## What this task involves
All lines from the one that has "SPRAYGROUND® SPECIAL OPS WINDBREAKER" onward to the end of the records below are to be returned exactly; pictures are to be skipped.
Records for this task: Begin
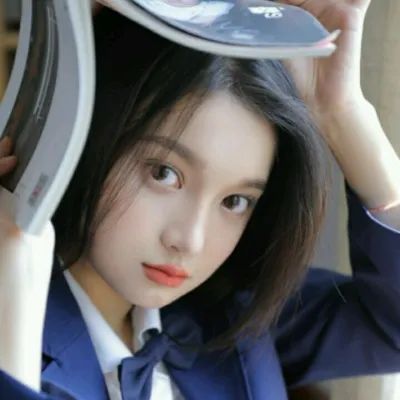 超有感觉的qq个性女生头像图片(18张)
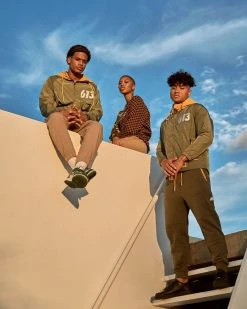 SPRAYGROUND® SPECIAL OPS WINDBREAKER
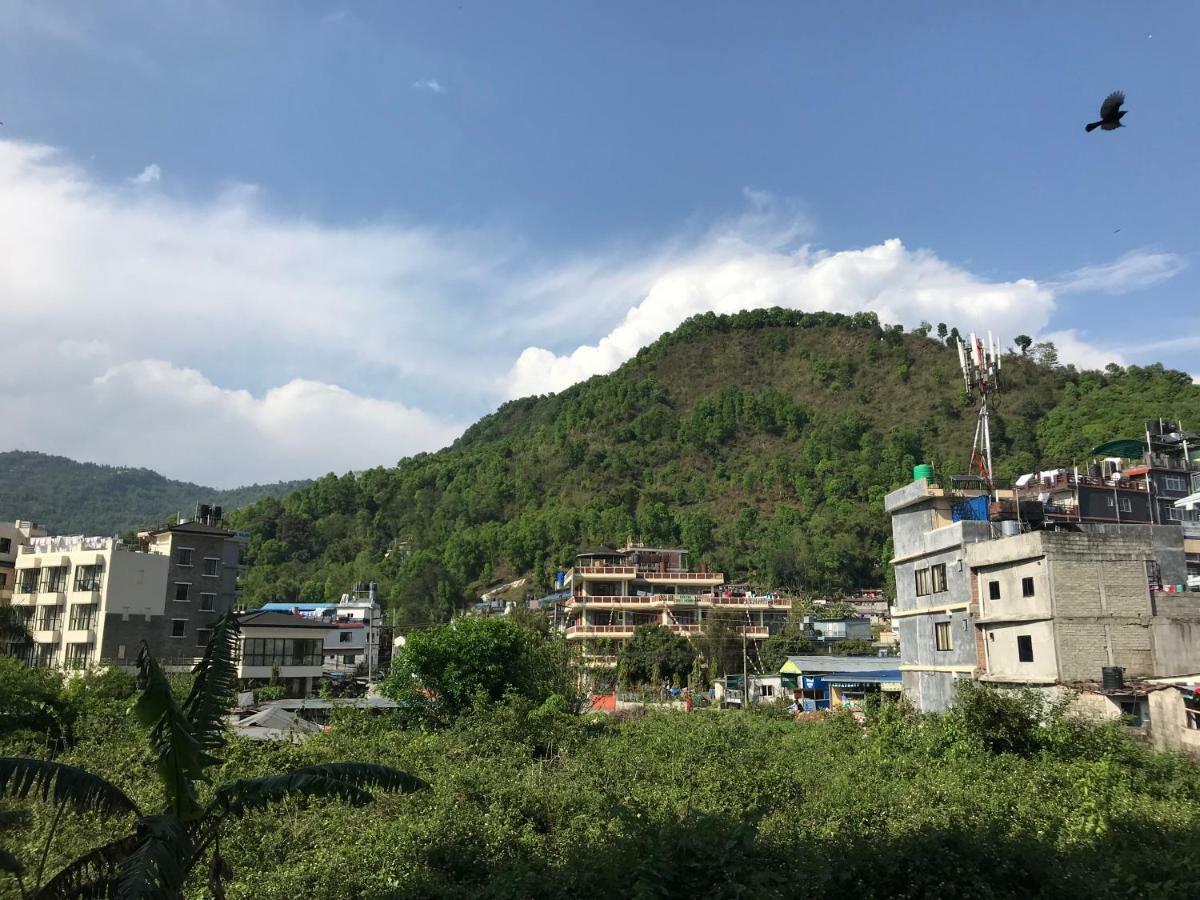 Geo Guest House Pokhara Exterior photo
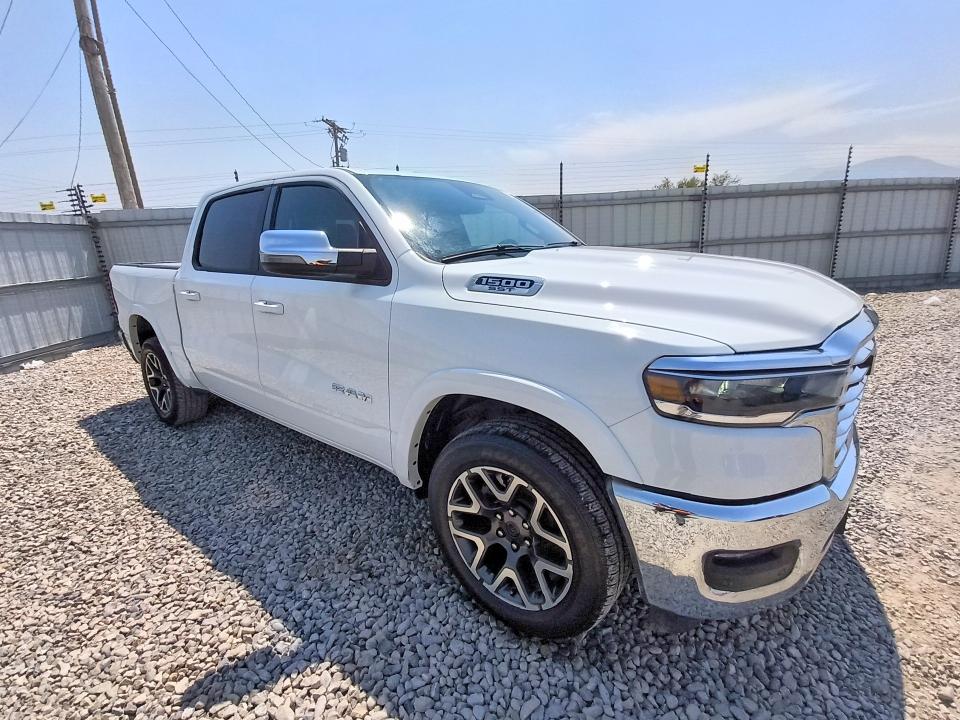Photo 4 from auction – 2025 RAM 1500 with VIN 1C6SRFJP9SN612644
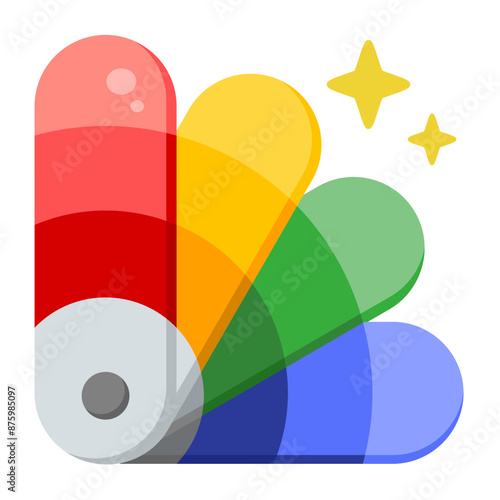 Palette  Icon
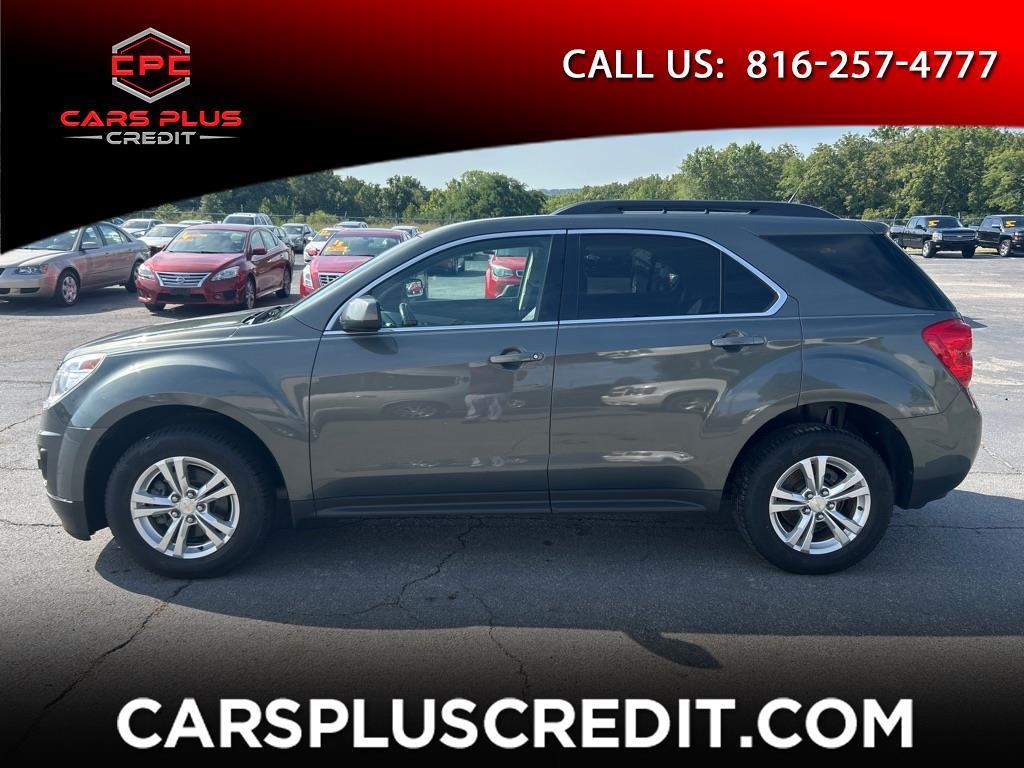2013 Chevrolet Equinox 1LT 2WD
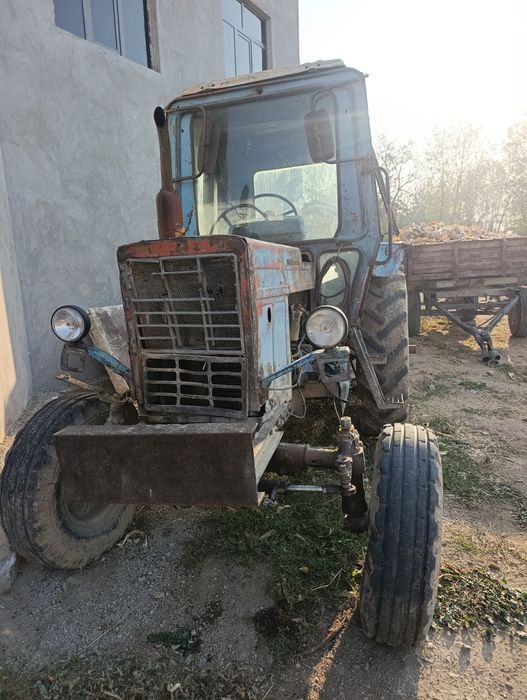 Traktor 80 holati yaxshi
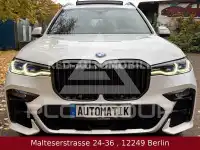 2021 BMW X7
Records for this task: End
## Reply
 SPRAYGROUND® SPECIAL OPS WINDBREAKER
 Geo Guest House Pokhara Exterior photo
Photo 4 from auction – 2025 RAM 1500 with VIN 1C6SRFJP9SN612644
 Palette  Icon
2013 Chevrolet Equinox 1LT 2WD
 Traktor 80 holati yaxshi
 2021 BMW X7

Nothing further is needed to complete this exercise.